Although there are enough reserves of copper, and other metals like nickel and lithium central to decarbonization, the risk is there will be “a mismatch between the timing of increase in demand and when supply meets that demand,” Mike Henry, chief executive officer of BHP Group Ltd., said at a Financial Times mining conference in London on Friday.

Henry’s comments come after a torrid few months for copper, a barometer of economic activity because of its varied applications from construction to electricity transmission. While miners and banks are almost uniformly bullish on the metal’s long-term prospects because of its role in clean energy, prices have dropped by about 30% from the record high hit in March as growth has faltered in the face of rising interest rates.

Henry said the market will be in “a little bit oversupply” in the next few years, before tightening up toward the end of the decade as more easily accessible, richer seams of the metal become difficult to find and mining becomes more complicated.

“There are more issues that need to be addressed in terms of water management, community engagement, broader environmental permitting,” he said. “These things are taking longer.
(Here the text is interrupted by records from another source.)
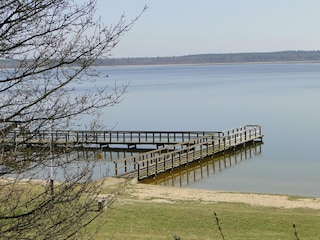 Bungalow Goldberg Environment 16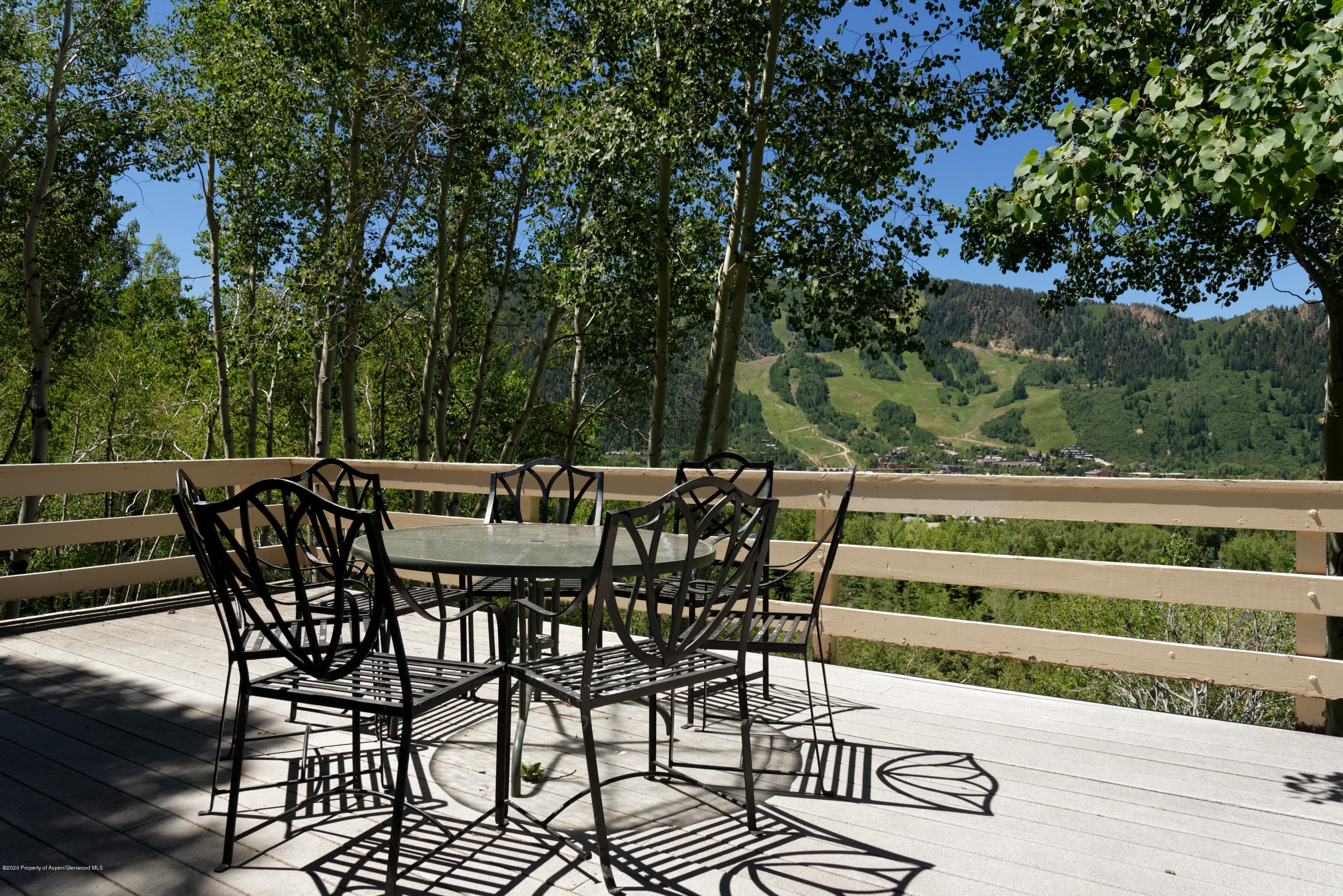 711 Spruce Street, Aspen, CO 81611 - Photo 13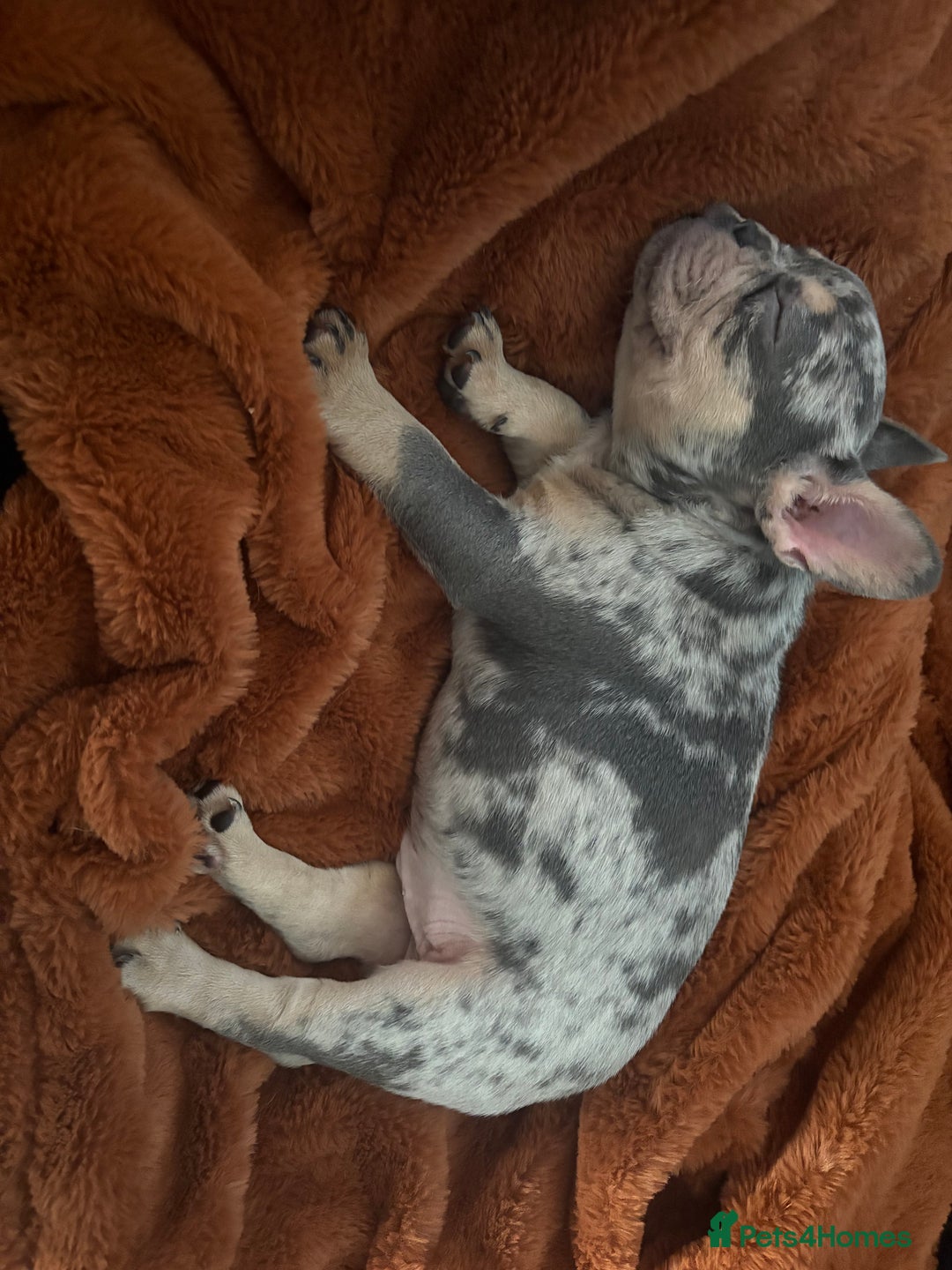 French Bulldog dogs for sale: Ragnar - Image 4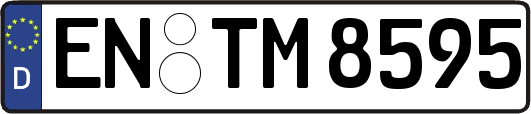 EN-TM8595
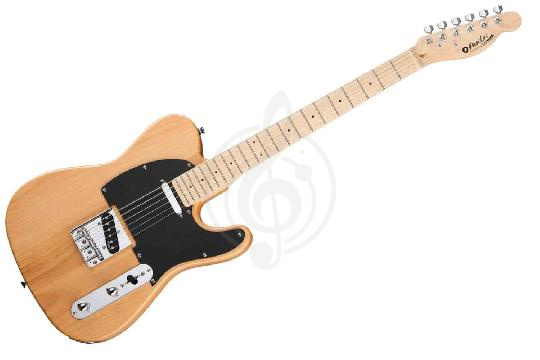 Изображение Электрогитара Telecaster Prodipe JMFTC90ALDERNAT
They are more complex.”

On Thursday at the conference, Kosta Bintas, co-head of metals and minerals trading at Trafigura Group, said the energy transition and tight supplies will drive a rebound in copper prices, with stockpiles set to shrink to less than three days of global consumption at the end of the year.

Richard Adkerson, chief executive officer of miner Freeport-McMoRan Inc. said that copper prices don’t reflect a “strikingly tight” physical market.